• _Work instructions_
Where a picture appears, leave it out; copy everything else in the records exactly.

• _Records for the exercise_
- Opening Delimiter -

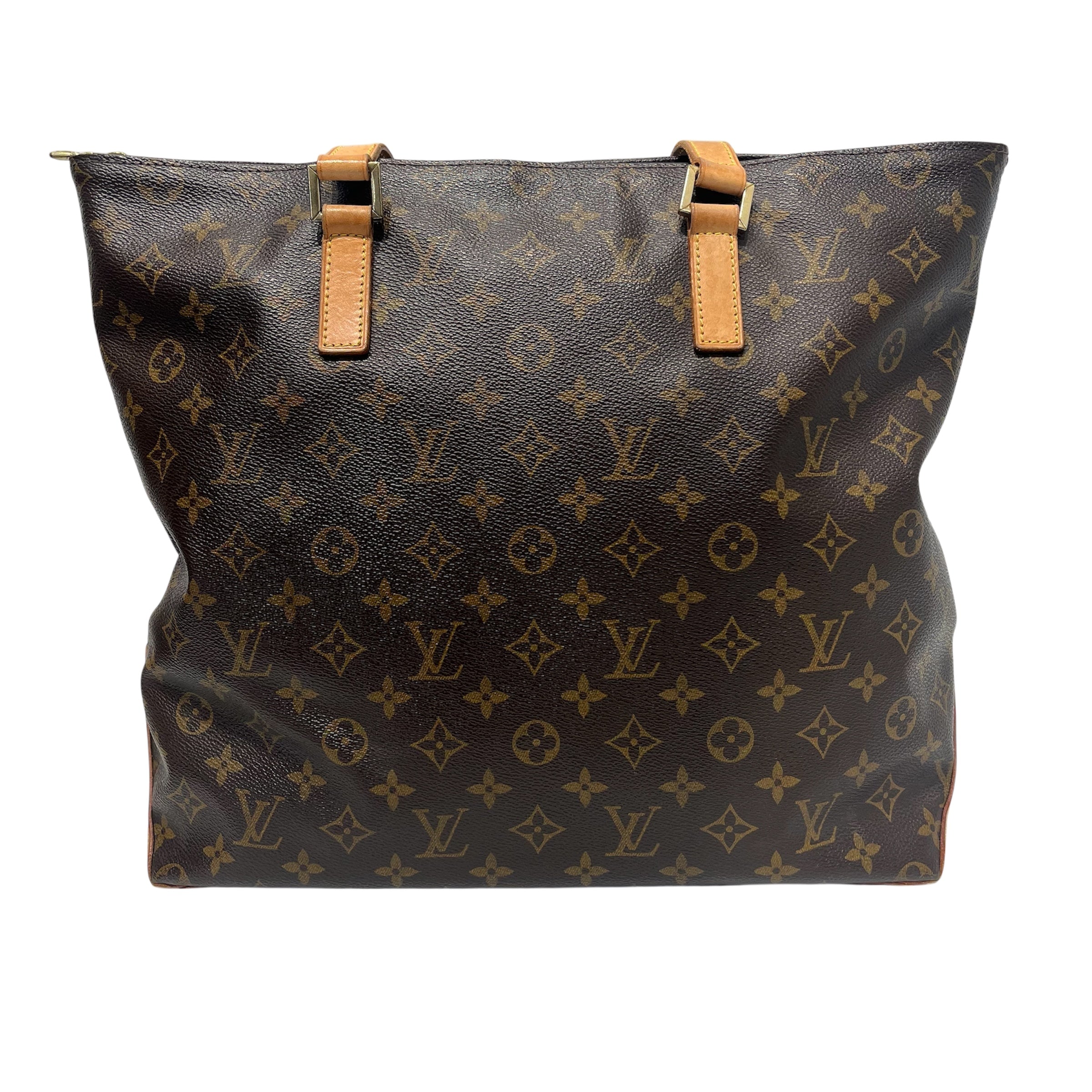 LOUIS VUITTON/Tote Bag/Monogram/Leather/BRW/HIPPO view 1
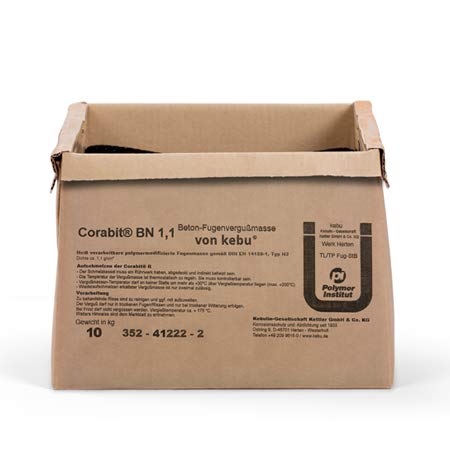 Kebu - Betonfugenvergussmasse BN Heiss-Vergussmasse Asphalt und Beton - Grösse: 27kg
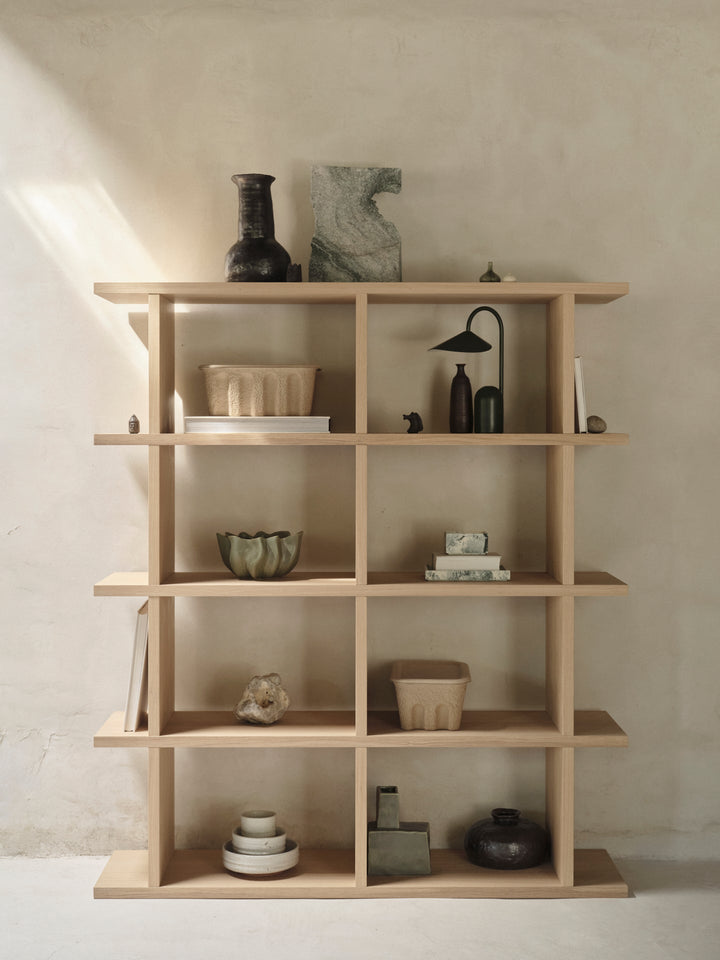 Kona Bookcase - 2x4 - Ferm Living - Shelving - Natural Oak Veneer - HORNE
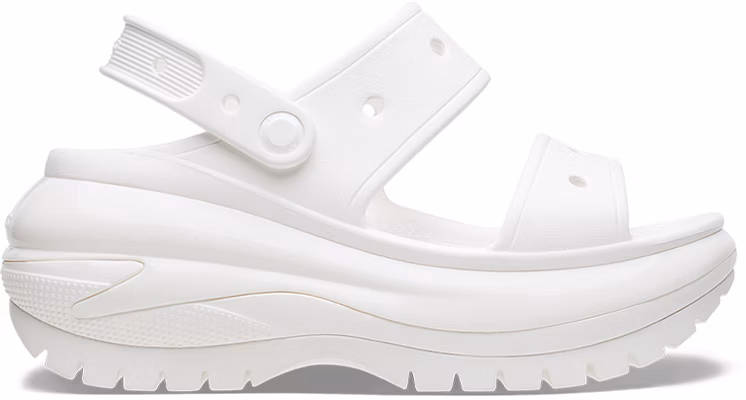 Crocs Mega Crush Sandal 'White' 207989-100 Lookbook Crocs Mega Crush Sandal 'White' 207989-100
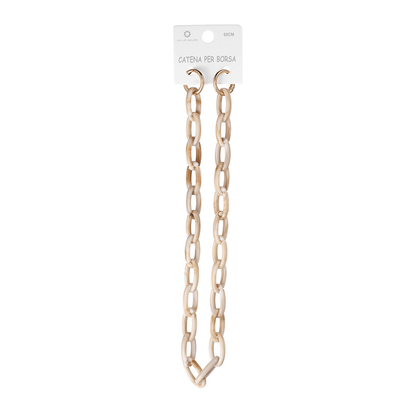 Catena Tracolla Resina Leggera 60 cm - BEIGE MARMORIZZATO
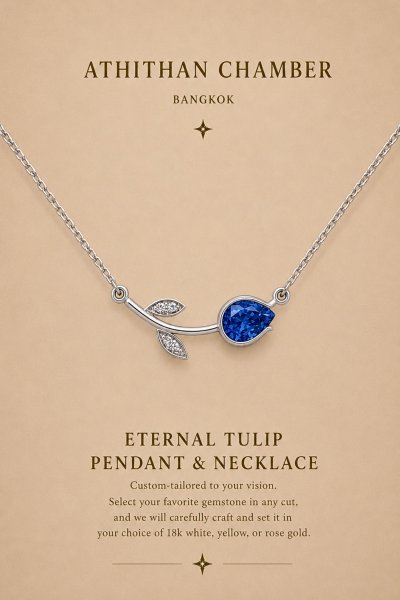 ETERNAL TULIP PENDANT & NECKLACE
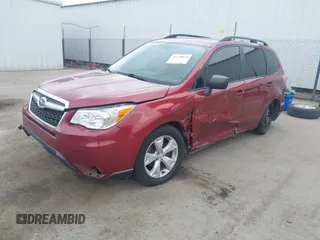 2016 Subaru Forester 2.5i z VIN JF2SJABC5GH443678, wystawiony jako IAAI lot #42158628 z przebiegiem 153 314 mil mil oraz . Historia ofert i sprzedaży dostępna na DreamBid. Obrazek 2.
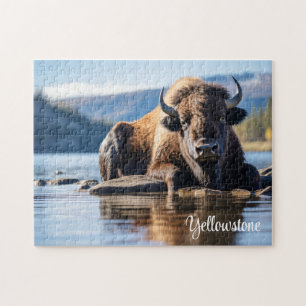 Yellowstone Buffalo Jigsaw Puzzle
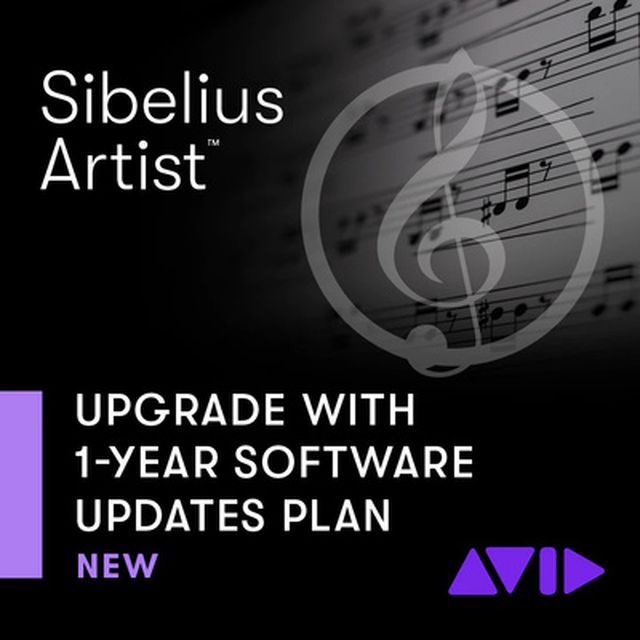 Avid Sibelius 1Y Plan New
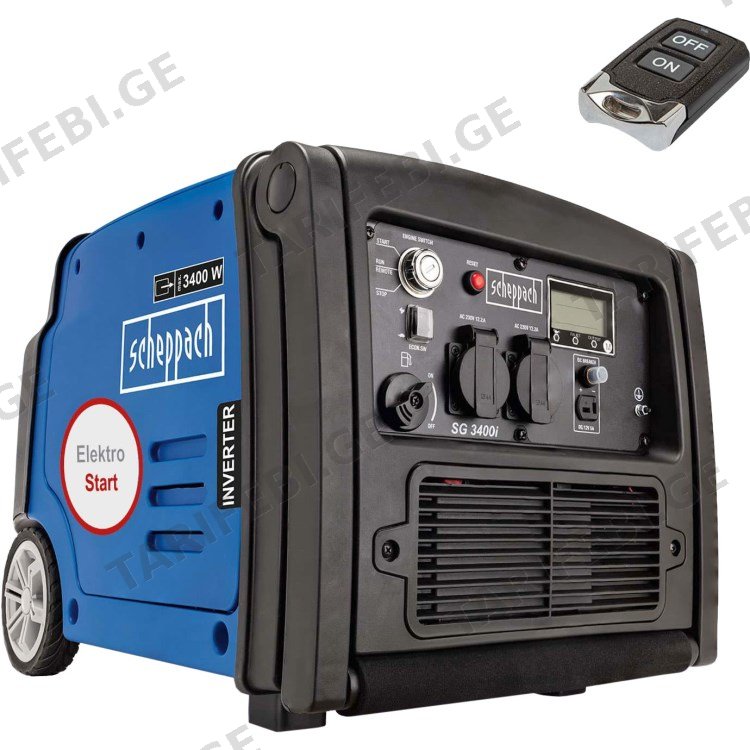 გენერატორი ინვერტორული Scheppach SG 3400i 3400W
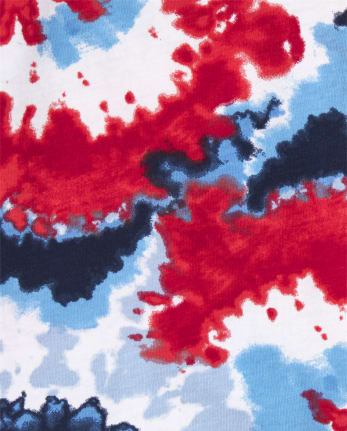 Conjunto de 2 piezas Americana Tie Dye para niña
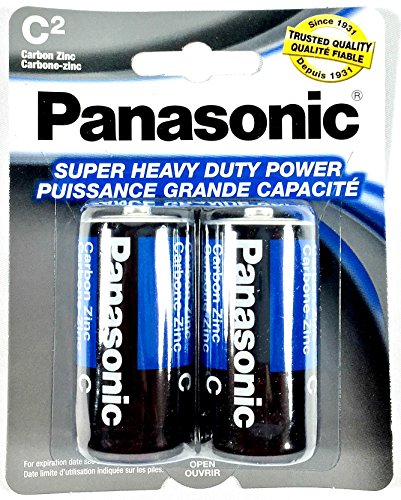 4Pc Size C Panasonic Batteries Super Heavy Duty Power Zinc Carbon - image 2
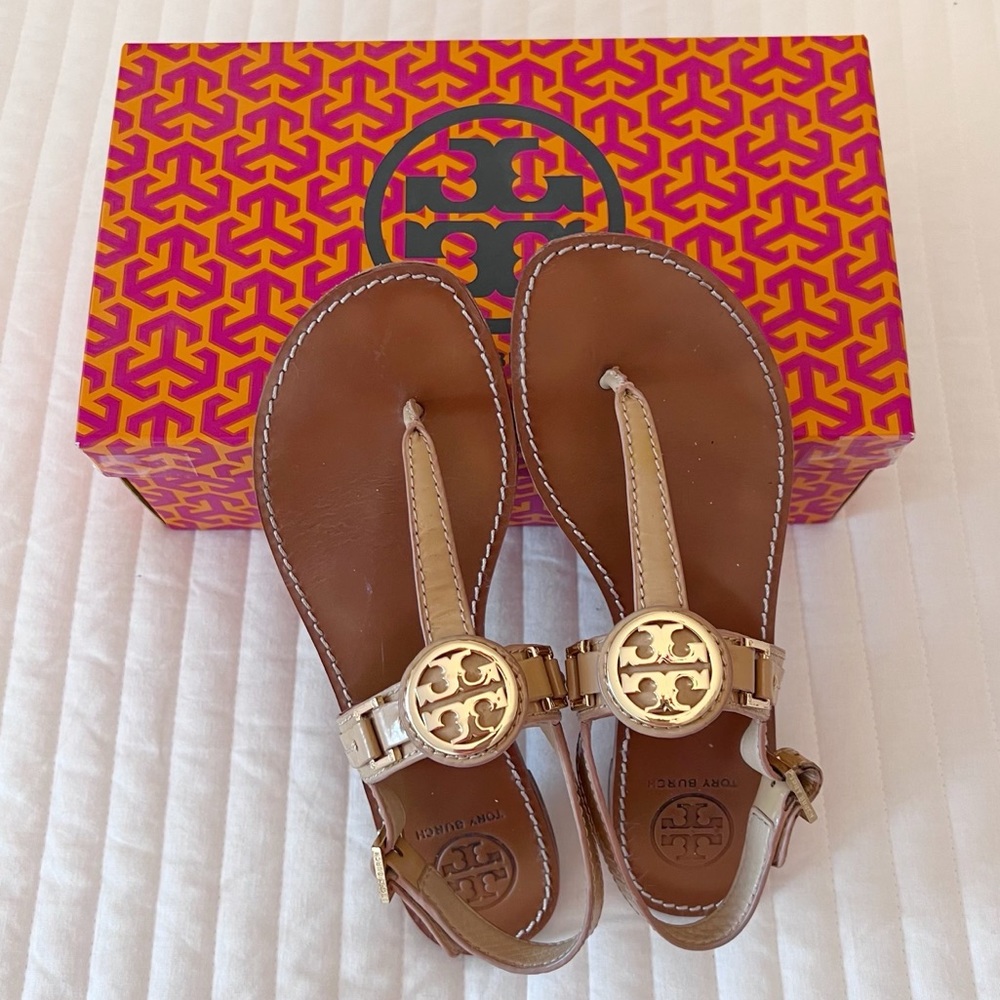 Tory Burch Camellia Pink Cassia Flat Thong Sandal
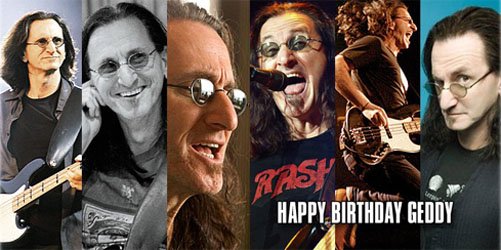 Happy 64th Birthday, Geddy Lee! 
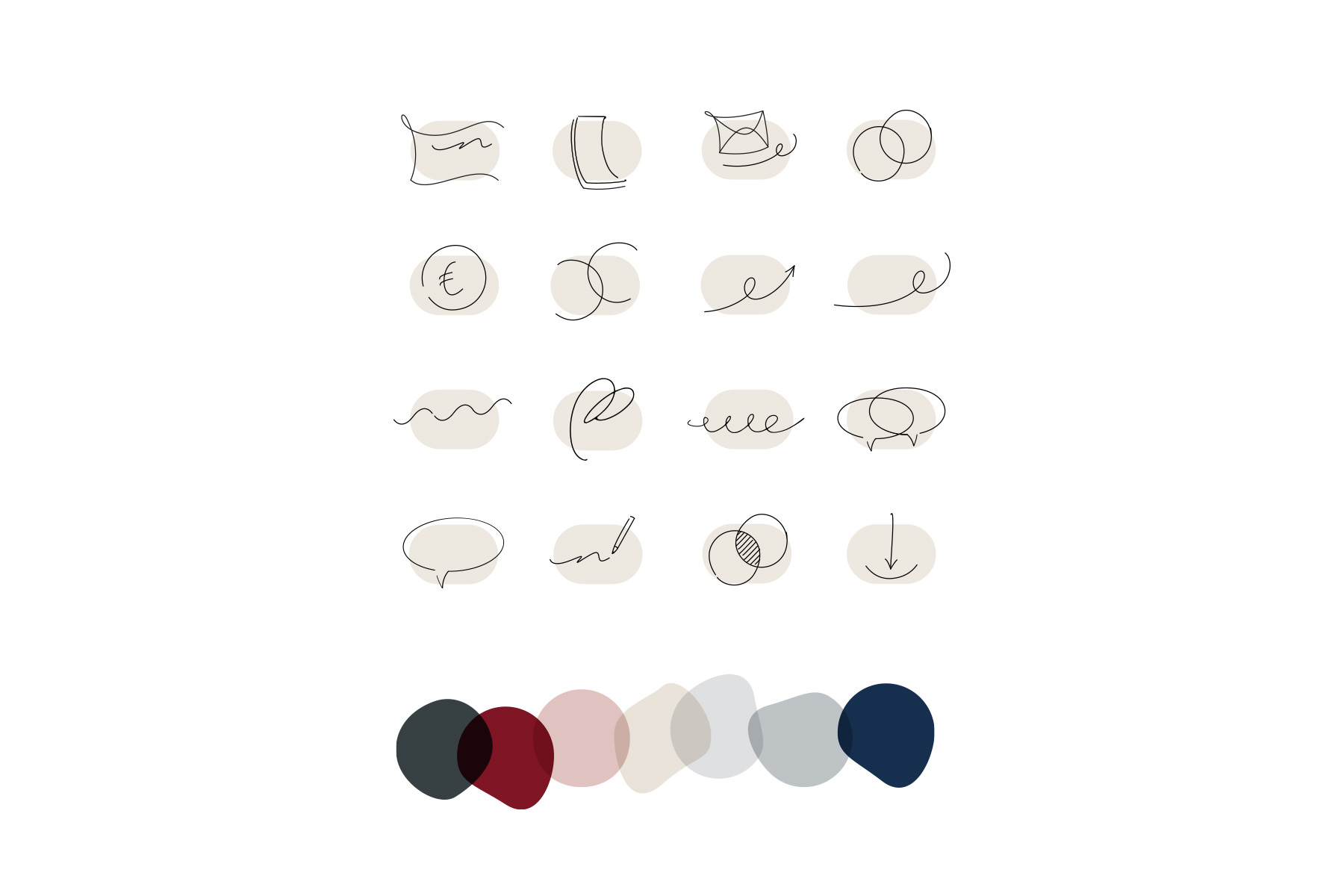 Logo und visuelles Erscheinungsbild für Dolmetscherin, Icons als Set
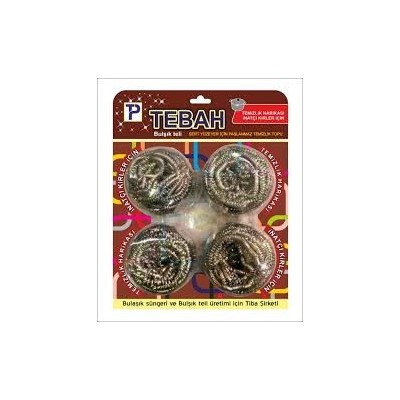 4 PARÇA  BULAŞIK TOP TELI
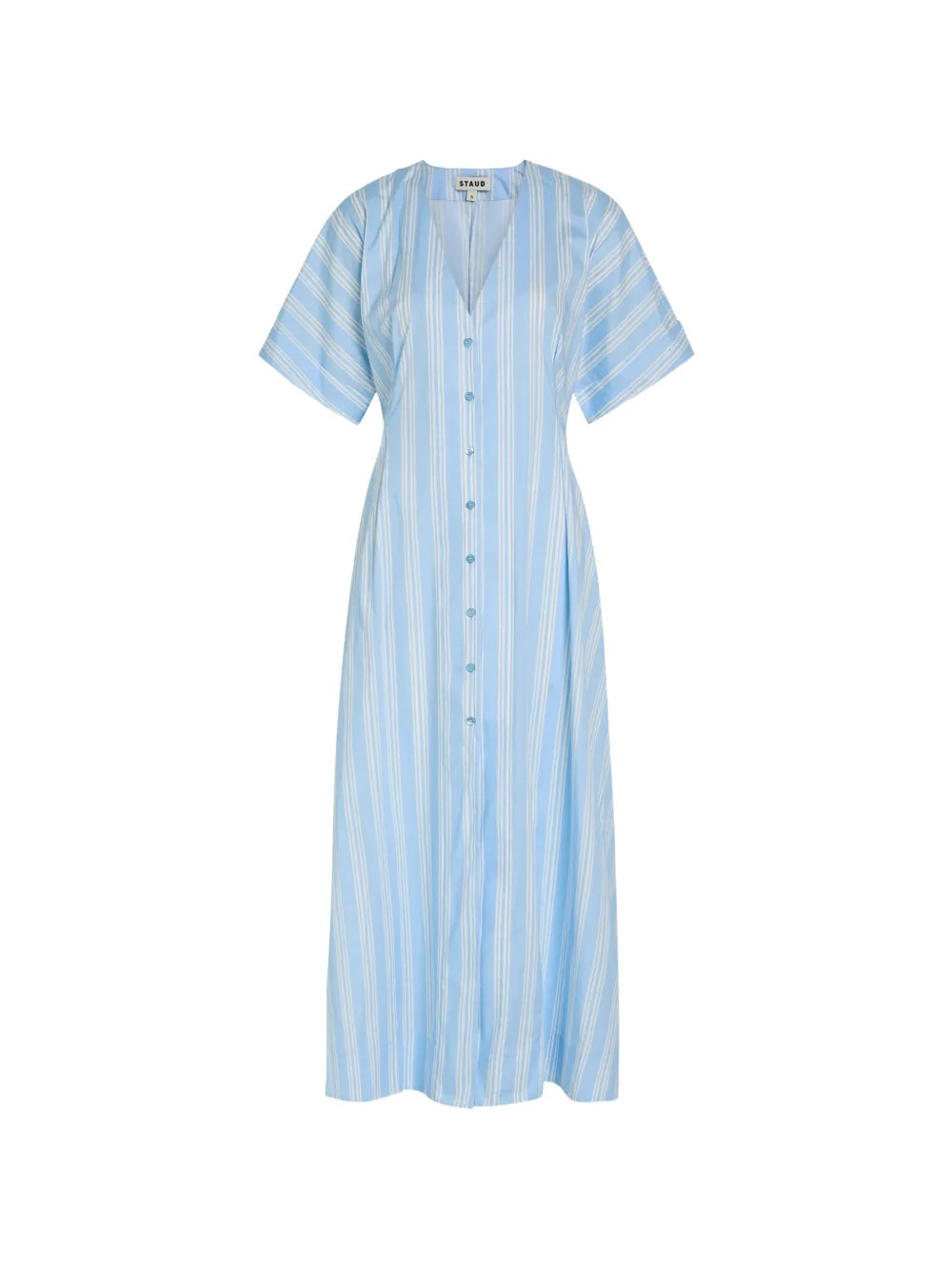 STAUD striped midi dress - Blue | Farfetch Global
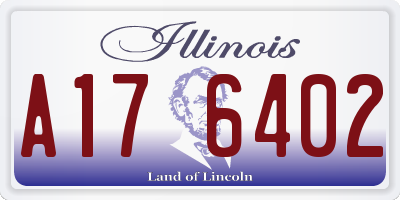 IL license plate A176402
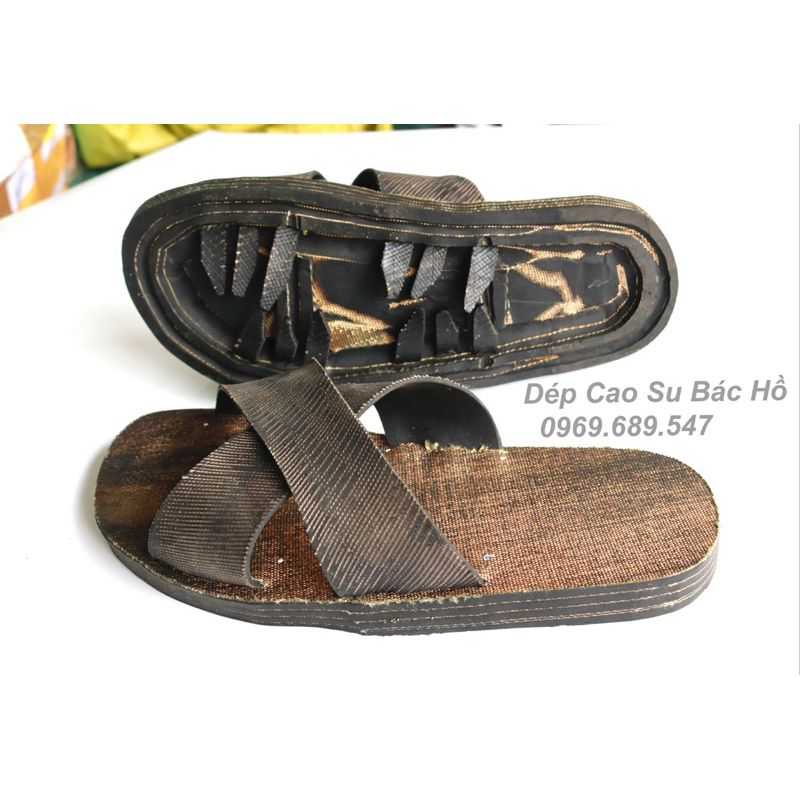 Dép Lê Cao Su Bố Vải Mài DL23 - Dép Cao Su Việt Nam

- Closing Delimiter -

• _Result of the exercise_
 LOUIS VUITTON/Tote Bag/Monogram/Leather/BRW/HIPPO view 1
 Kebu - Betonfugenvergussmasse BN Heiss-Vergussmasse Asphalt und Beton - Grösse: 27kg
 Kona Bookcase - 2x4 - Ferm Living - Shelving - Natural Oak Veneer - HORNE
 Crocs Mega Crush Sandal 'White' 207989-100 Lookbook Crocs Mega Crush Sandal 'White' 207989-100
 Catena Tracolla Resina Leggera 60 cm - BEIGE MARMORIZZATO
 ETERNAL TULIP PENDANT & NECKLACE
 2016 Subaru Forester 2.5i z VIN JF2SJABC5GH443678, wystawiony jako IAAI lot #42158628 z przebiegiem 153 314 mil mil oraz . Historia ofert i sprzedaży dostępna na DreamBid. Obrazek 2.
 Yellowstone Buffalo Jigsaw Puzzle
 Avid Sibelius 1Y Plan New
 გენერატორი ინვერტორული Scheppach SG 3400i 3400W
 Conjunto de 2 piezas Americana Tie Dye para niña
 4Pc Size C Panasonic Batteries Super Heavy Duty Power Zinc Carbon - image 2
 Tory Burch Camellia Pink Cassia Flat Thong Sandal
 Happy 64th Birthday, Geddy Lee! 
 Logo und visuelles Erscheinungsbild für Dolmetscherin, Icons als Set
 4 PARÇA  BULAŞIK TOP TELI
 STAUD striped midi dress - Blue | Farfetch Global
 IL license plate A176402
 Dép Lê Cao Su Bố Vải Mài DL23 - Dép Cao Su Việt Nam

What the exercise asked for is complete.